This issue plays out like one good comedy bit complete with a surprise turn and plenty of big smiles from Lobo himself. It also sets up a whole new dynamic for Lobo and Crush while also imparting a bit of a connection, at least from Crush’s point of view. Mariko Tamaki writes strong dialogue that makes you believe what these characters are saying. The plotting of the issue is sharp, too. It’s always moving forward and comes with plenty of style.
A lot of that style can be attributed to Nahuelpan’s pencils, which are as sharp as ever. He adds to the superhero jail canon in a lot of ways, from the aliens in the scenes to space itself. There’s also clever layout design, like an above headshot of Lobo moving through a few rooms. There are also two exceptional double-page splashes that stretch out the moments at hand. One is Crush and Lobo talking face to face and the other is a fight between Crush and way too many enemies. The action is always big, splashy, and in your face.
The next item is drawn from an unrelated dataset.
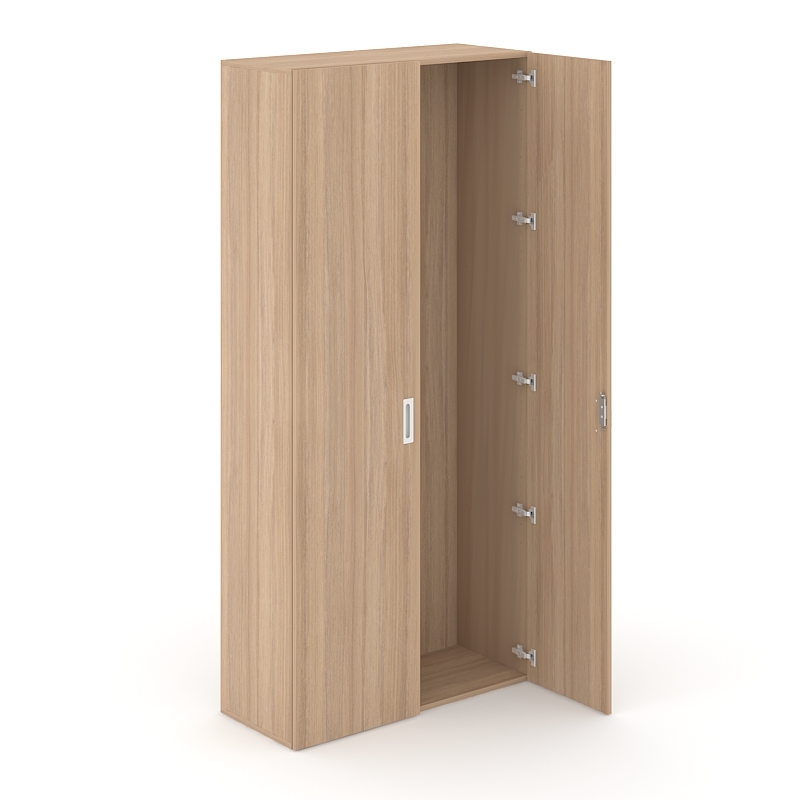 Choice 6H (83.8" Height) Customizable Storage System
That style suits both characters well.
Colors by Tamra Bonvillain add a lot to every page like the grit and grime on the walls in the above preview page, or the little pieces of glass breaking away from a guard’s helmet. There’s some serious level of detailing going on in the colors well worth applause. Bonvillain consistently makes you want to go back and read the book again but only look at the colors and what kind of story they’re telling.
Letters by Ariana Maher are strong here too, with word balloons and text getting mixed up between aliens, robots, and our heroes. I highly recommend you read her interview in X-Men Monday this week to get a little more insight into her work.
Aside from the flashback, this issue is rather short on plot progression. It’s basically a ten-minute scene in a larger story. It accomplishes a lot in what it’s trying to do, but it does feel decompressed in what’s here.
Crush and Lobo #3 continues the series trend of being the sharpest looking superhero book on the stands with even more attitude. Both characters are intriguing in their own right, but Tamaki continues to flesh them out in interesting if subtle ways. Paired with Nahuelpan’s incredibly detailed line work and in-your-face action, it’s a match made in heaven.